30 years a priest
I had always been involved in the life of the Church.
I began serving Mass in third grade and became a lector in high school, but I had never given serious thought to a vocation to the priesthood.
If you had asked me in high school what I thought I would do when I was older, I likely would have said I’d like to be a civil engineer, get married and have a big family in imitation of my faith and mother. However, in my first year of college at the U.S. Coast Guard Academy, I was sea sick on a training cruise and began thinking I might be called to something else. So, over the course of the almost eight months at the academy, I went to chapel as often as I could, started to pray more on my own and attended a retreat sponsored by the chaplain’s office. After all of this, I thought I heard an invitation to consider the priesthood.
Over the next three years at Belmont Abbey College, I continued to wrestle with this invitation and made the decision to apply to the Diocese of Burlington and then to the seminary. I was not necessarily convinced I would be a priest, but I needed to “scratch the itch” and decide if the invitation was authentic. During the next two years at Mount St. Mary Seminary, I became more and more convinced that God was calling me to serve as a priest. Throughout this time, my parents and siblings were very supportive. I was ordained a deacon in 1988 and a priest in 1989.
Having been a priest now for 30 years, there are too many highlights to focus on just a few. Parish life as a parochial vicar and pastor is a joy. The celebration of the sacraments and the important times in people’s lives always stand out. To be present for baptisms, wed-dings, funerals and the like are grace-filled moments hat priests are blessed to experience.
I’ve also been blessed to serve in the Chancery Office for almost 15 years. Here I get a sense of the Church as more than just one parish or community. I have been able to experience the Church at the diocesan and universal level as well. The staff I have worked with in these 15 years are almost like a parish com-munity for me, offering support and providing com-munity. In particular, during the year I served as the apostolic administrator of the Diocese while awaiting a new bishop, the chancery staff helped me fulfill my role with a minimum of stress.

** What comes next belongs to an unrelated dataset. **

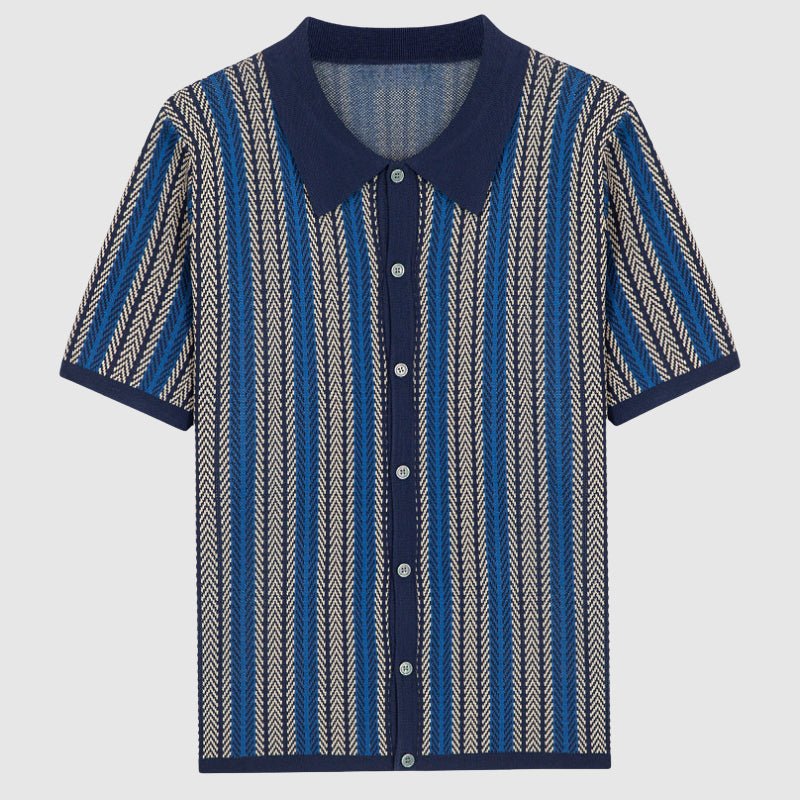 Apolinar® | Davide Costa Jacquard Polo Shirt - Image 5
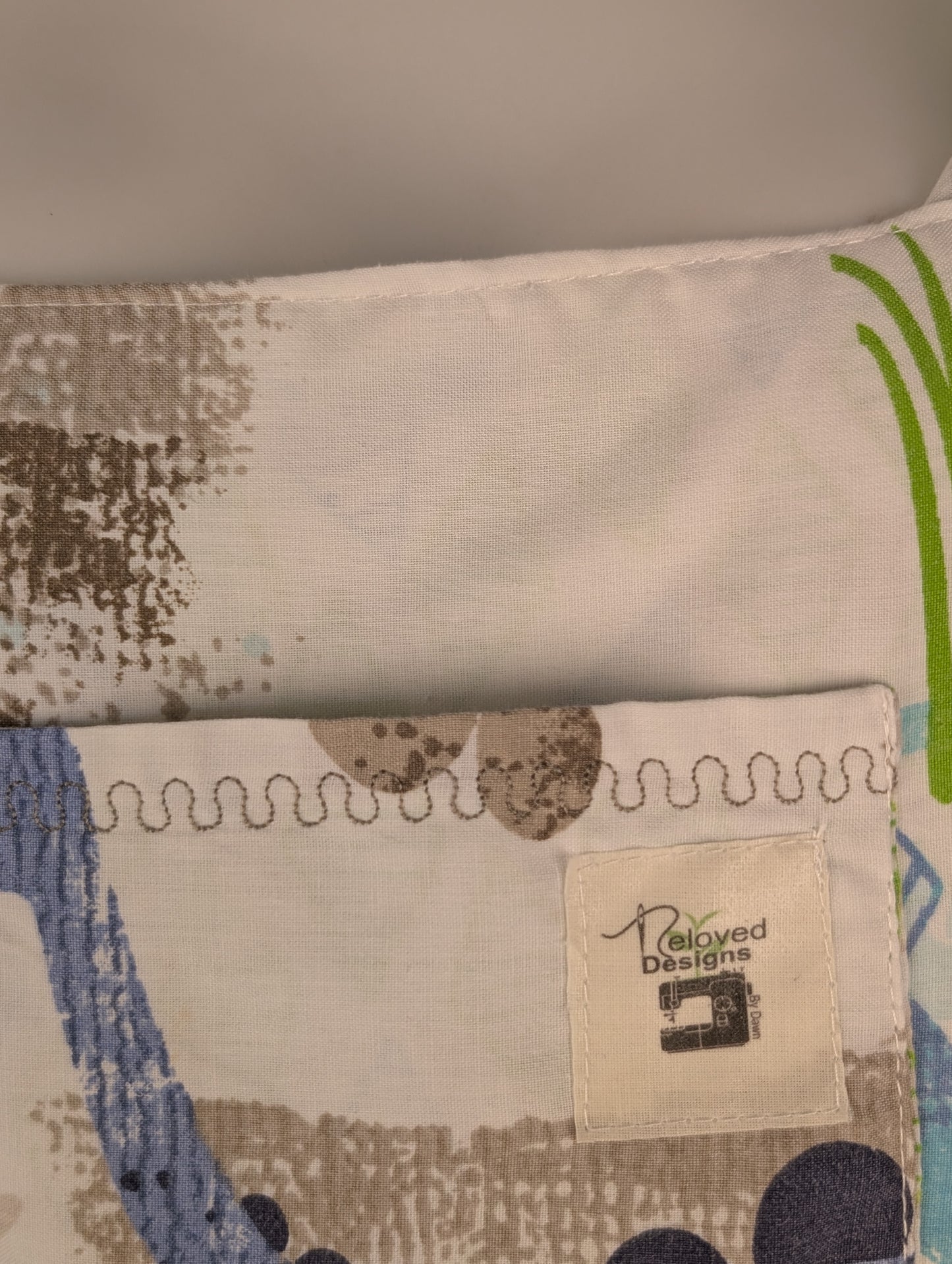 Upcycled Dinosaur Dungarees: Size 16-18/XL Baggy Fit Overalls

As vicar general I was an active participant and facilitator of the recently completed Diocesan Synod. Because of my knowledge of the Diocese and its parishes, I was able to provide information to the delegates to help them consider the important matters which came before them. I learned of the commitment of so many to their local parishes and to the Diocese. Participants expressed a deep love for the Church and a strong desire to ensure its future vibrancy in Vermont. I hope and pray that the goals set forth by the synod will lead us all to proclaim the lordship of Jesus Christ in an effective and joyful way so as to build up strong and vibrant parishes throughout the State of Vermont.
To any young man thinking about the priesthood, I would say don’t be afraid to consider it and pursue it. The priesthood is a wonderful life in which the priest is given so much more than he gives. I also encourage the families of young men to encourage their sons and brothers to consider a vocation.
—Msgr. John McDermott is vicar general of the Diocese of Burlington.